Chaired by Cédric Baecher, co-founder of Nomadéis (centre), the conference was attended by (from left to right): Corinne Mandin, Head of the Indoor Air Quality Observatory (OQAI) at the Scientific and Technical Centre for Building (CSTB) Séraphine Haeussling, Coordinator Household Energy, Climate and Clean Air Coalition (CCAC), Benjamin Ficquet, Icade Property & Exploitation Director, Frédéric Bouvier, Director of Veolia's Air Expertise Cluster.

 

Indoor air pollution affects homes, offices, schools and transportation where we spend 80% of our time. Sometimes these spaces are more polluted than the outdoor air. To address this public health issue, the Veolia Institute organized a conference on 6 March at the Group's headquarters in Aubervilliers, coinciding with the publication of the Facts Reports on "Indoor air quality: tacking invisible challenges". The main aspects of the discussions.

 

The World Health Organization (WHO) estimates that globally there are 3.8 million deaths per year caused by poor indoor air quality. The first driver is measuring the indoor air quality in each building. Then circulating air flows have to be treated with effective solutions that ensure everyone’s right to breathe healthy air.

Air pollution is one of the main threats to the environment.
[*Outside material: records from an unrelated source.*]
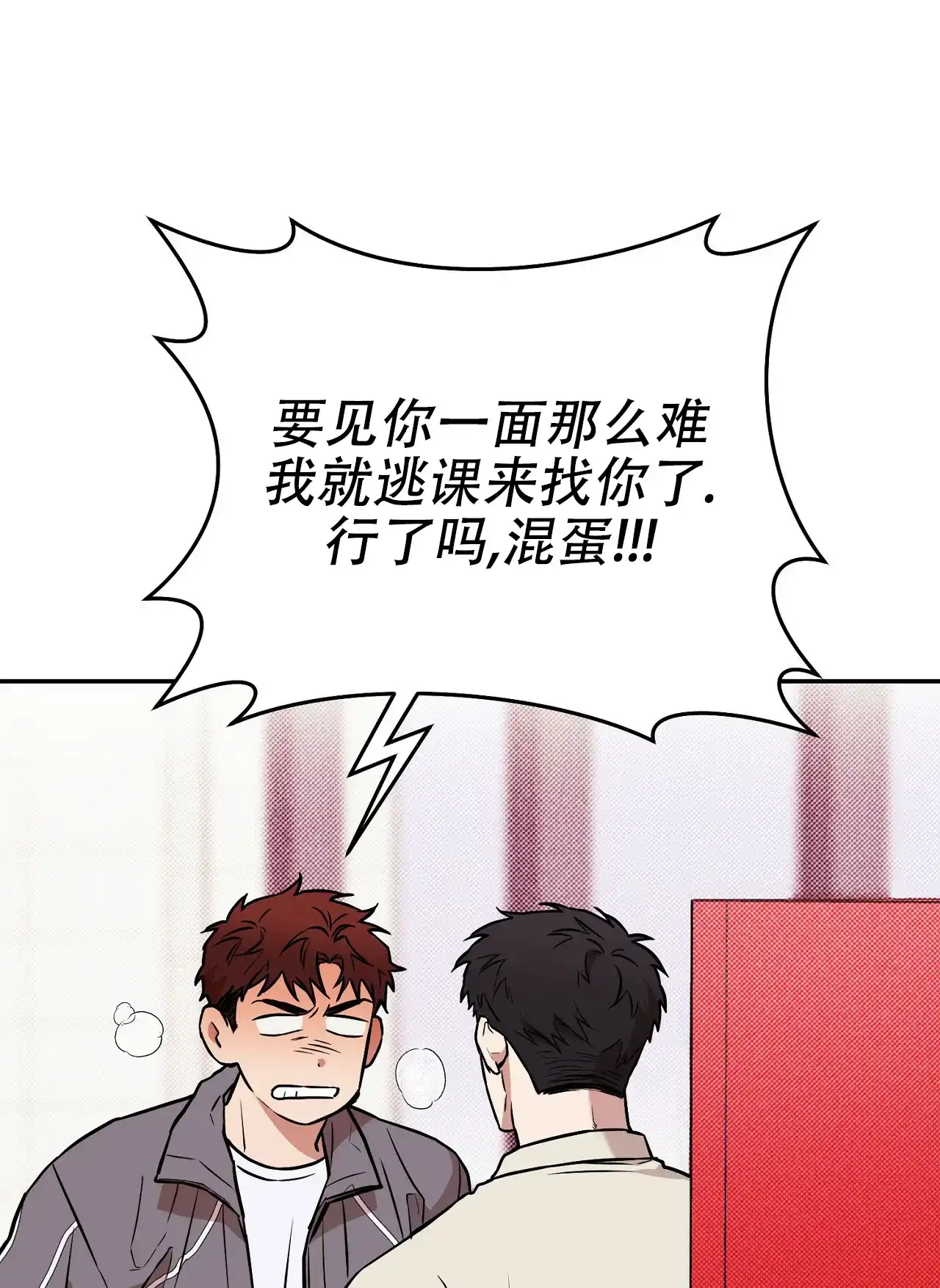 《今年不一样》第1话 第3页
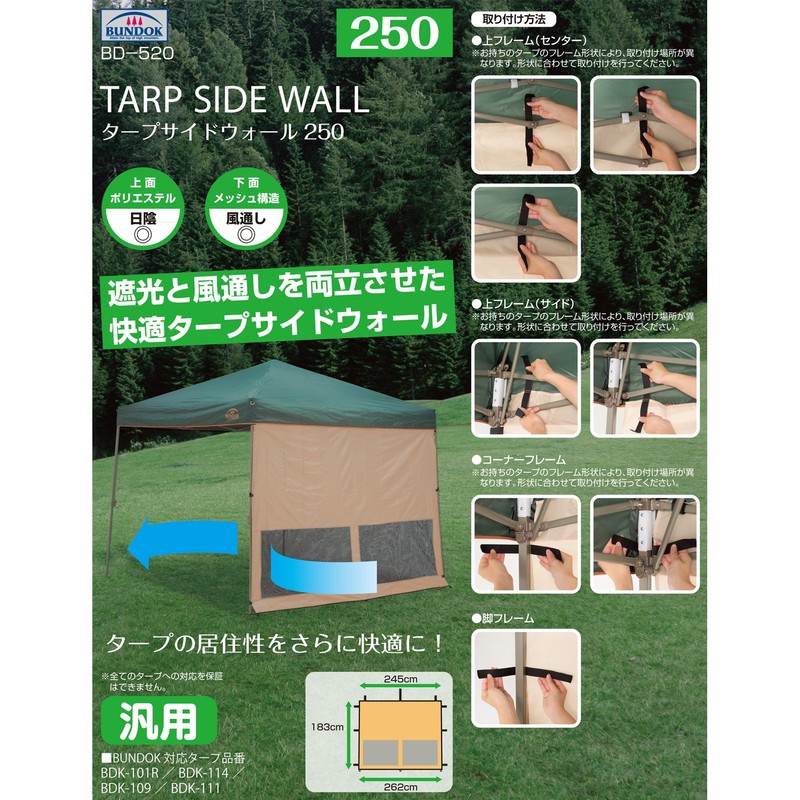 BUNDOK Tarp Side Wall 250 BD-520 8.2 ft (2.5 m)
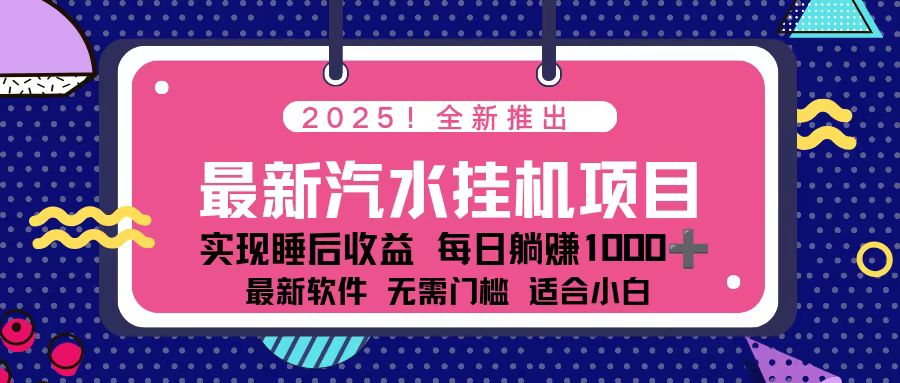 2025最新汽水音乐挂机项目 每天几分钟 轻松上w-副业网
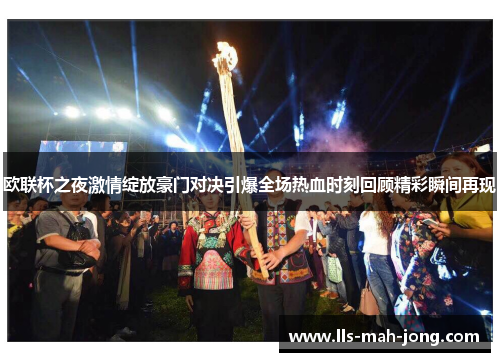 欧联杯之夜激情绽放豪门对决引爆全场热血时刻回顾精彩瞬间再现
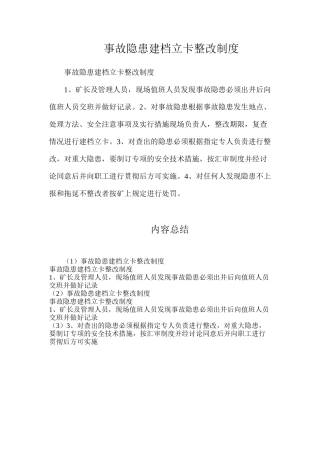 事故隐患建档立卡整改制度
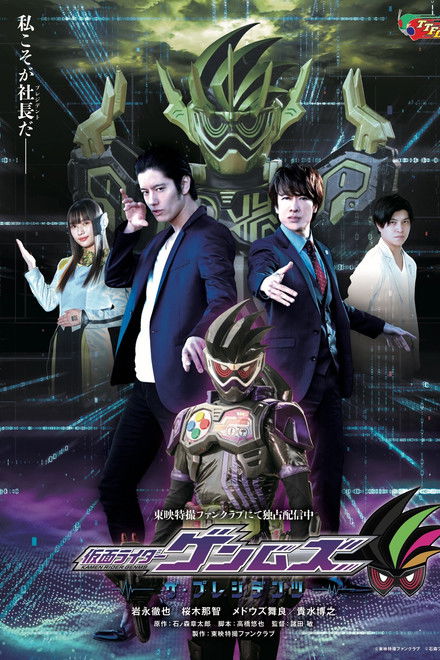 Kamen Rider Genms: The Presidents
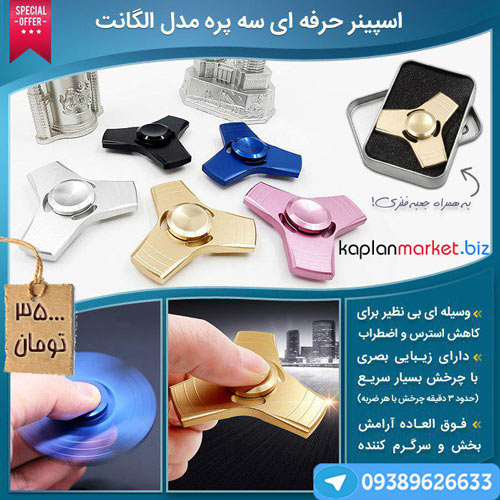 اسپینر اصل, اسپنیر شیک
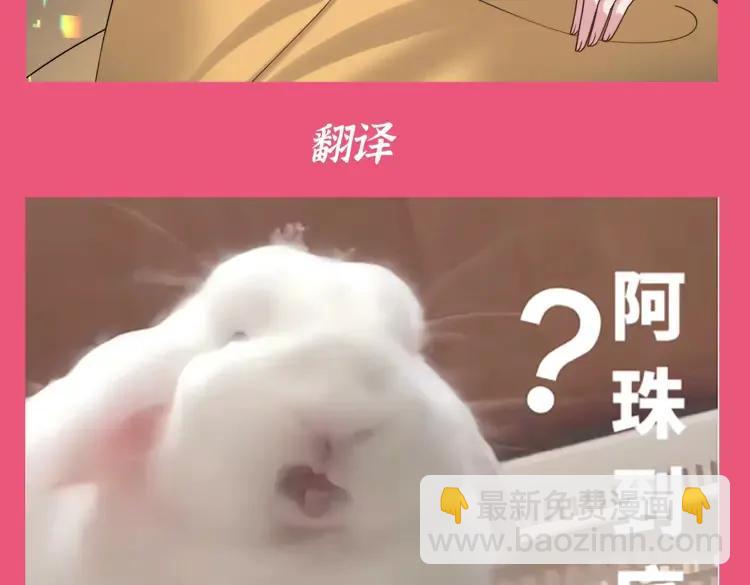🍝炮灰闺女的生存方式（彩蛋日更中） 加更第106期 搞点事：听听大家的内心台词 第8页
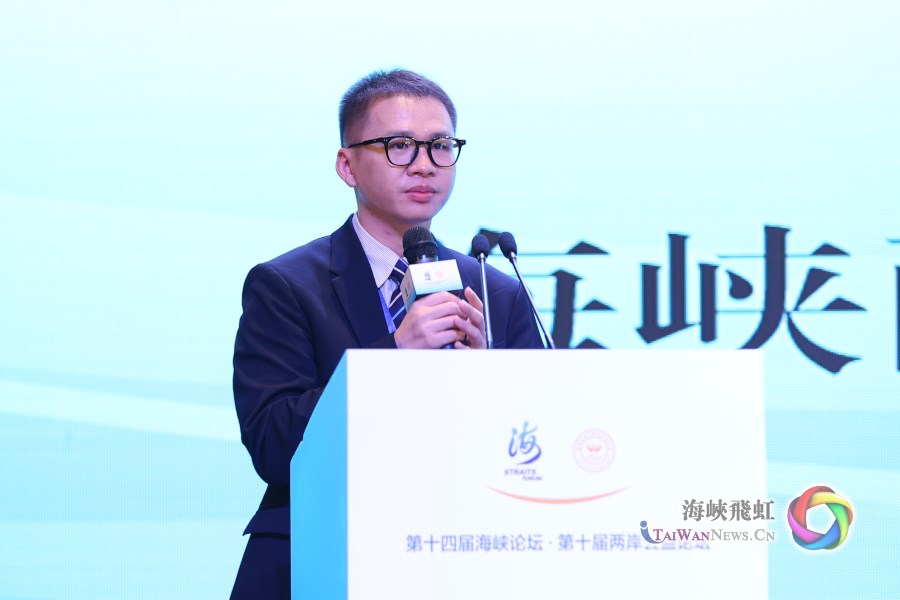 第十屆兩岸公益論壇在廈門舉行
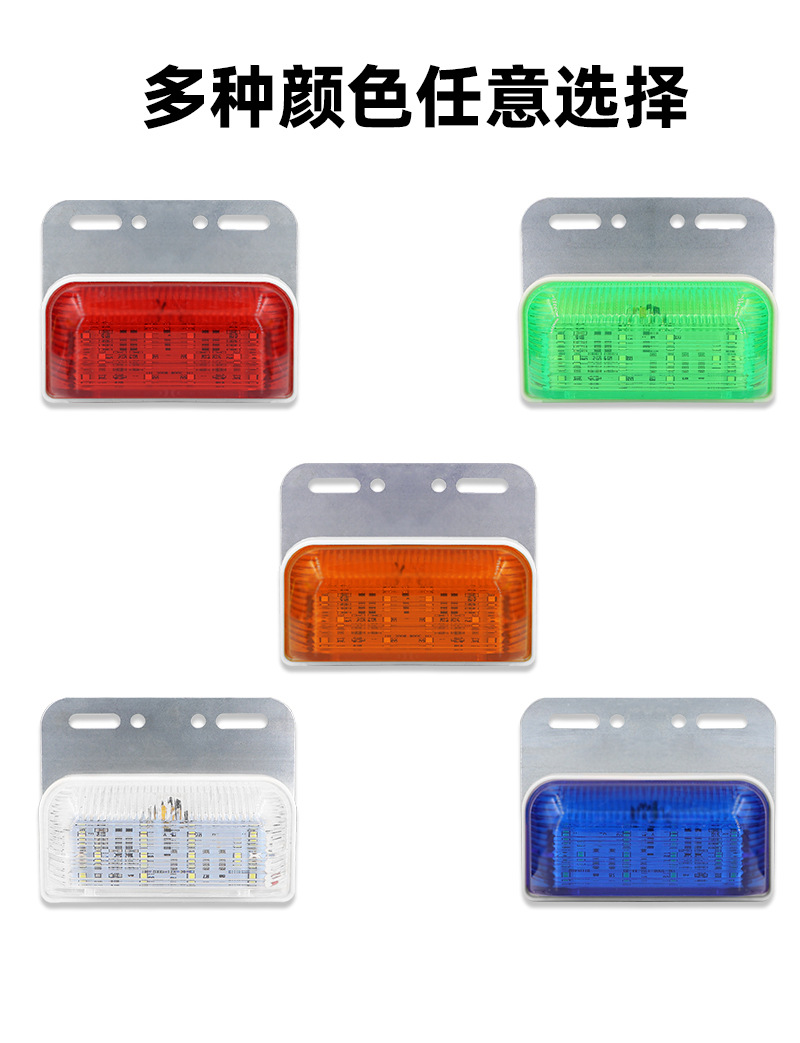 12V24V货车边灯超亮照地防水汽车LED大挂车腰灯七彩爆闪照地侧灯详情7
Globally, according to the WHO, it is the 4th highest mortality risk factor: air pollution kills more people than smoking. And there is a long list of indoor air pollutants (xylenes, benzene, volatile organic compounds, formaldehyde, ozone, fine particles, allergens etc.). Indoor air pollutants have concentrations in the region of a microgram or ten or so micrograms per m3, i.e. concentrations 100 to 1000 times lower than those of CO2. [...] Furthermore, 40% of the world's population still does not have access to clean fuels and technologies for cooking, heating and lighting,
NICOLAS RENARD,
DIRECTOR OF FORESIGHT AT THE VEOLIA INSTITUTE IN HIS INTRODUCTION

Improving indoor air quality should be a global priority

Séraphine Haeussling, Coordinator Household Energy, Climate and Clean Air Coalition (CCAC) pointed out that:

 The Climate and Clean Air Coalition (CCAC) brings together 69 governments, public and private organizations and civil society to reduce short-lived climate pollutants such as carbon black, methane, hydrofluorocarbons and ozone. The Coalition is a catalyst for implementing immediate solutions to combat these pollutants. Indoor pollution, directly linked to poverty, mainly affects the most vulnerable (women and children), for example without access to electricity. Initiatives to improve indoor air quality must therefore be considered a global priority.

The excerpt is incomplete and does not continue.